### TASK GOAL
What you return should be only the lines in the entries below between the one holding "Real Touch Yellow" and the one holding "Галлюциногенные грибы мицелий", ends included, with every picture left out.

### MATERIAL FOR THIS TASK
________________________________________

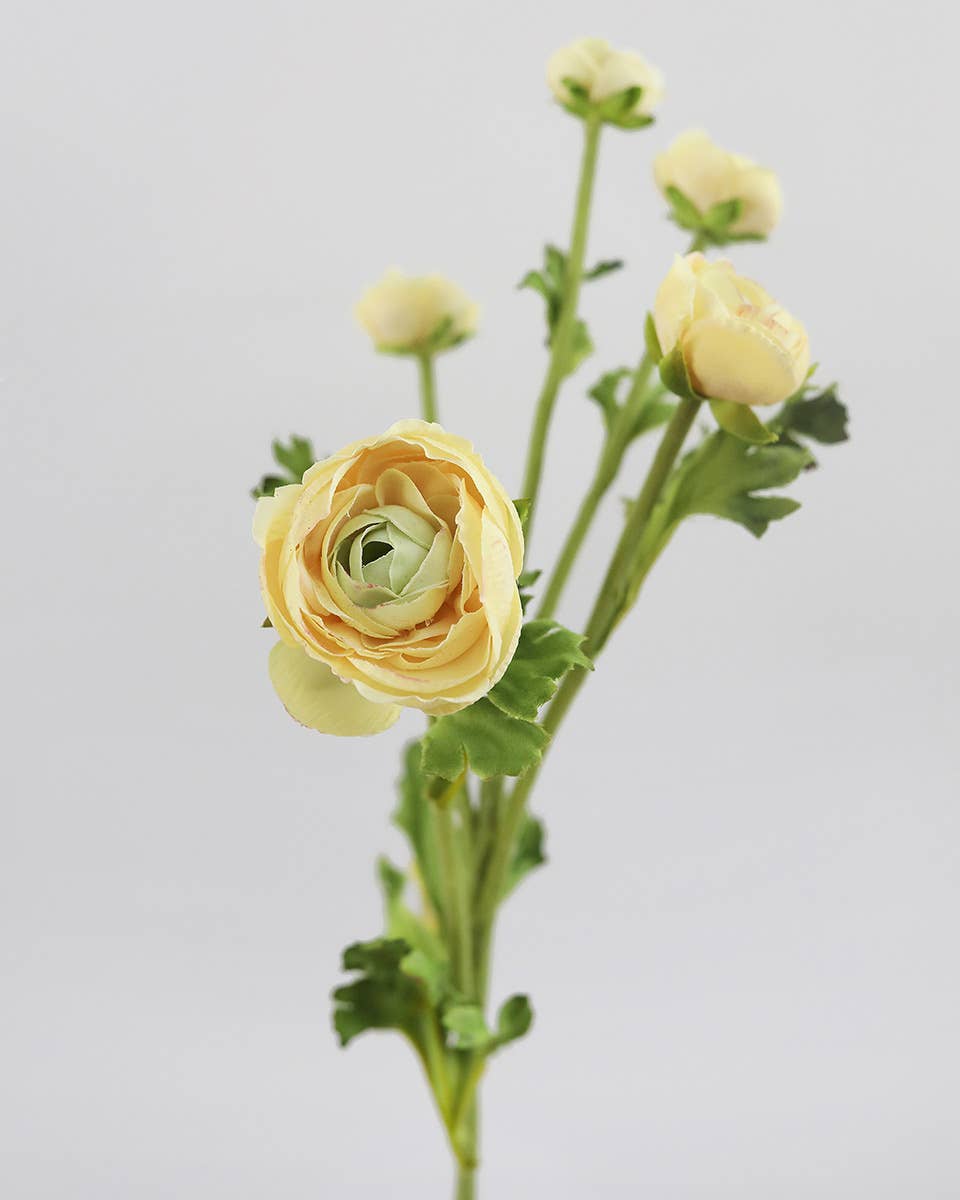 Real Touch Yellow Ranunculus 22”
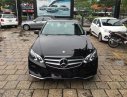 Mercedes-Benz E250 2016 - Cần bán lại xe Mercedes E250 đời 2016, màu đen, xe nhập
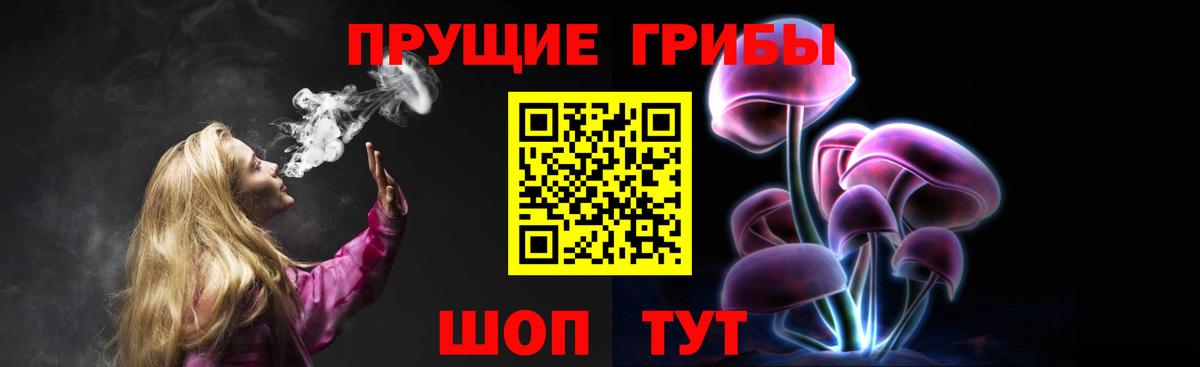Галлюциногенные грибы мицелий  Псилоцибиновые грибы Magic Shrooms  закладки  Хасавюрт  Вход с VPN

________________________________________

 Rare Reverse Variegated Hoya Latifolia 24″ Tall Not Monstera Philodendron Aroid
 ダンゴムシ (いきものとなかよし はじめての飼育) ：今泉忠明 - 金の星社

________________________________________

### WRITTEN ANSWER
 Real Touch Yellow Ranunculus 22”
 Mercedes-Benz E250 2016 - Cần bán lại xe Mercedes E250 đời 2016, màu đen, xe nhập
Галлюциногенные грибы мицелий  Псилоцибиновые грибы Magic Shrooms  закладки  Хасавюрт  Вход с VPN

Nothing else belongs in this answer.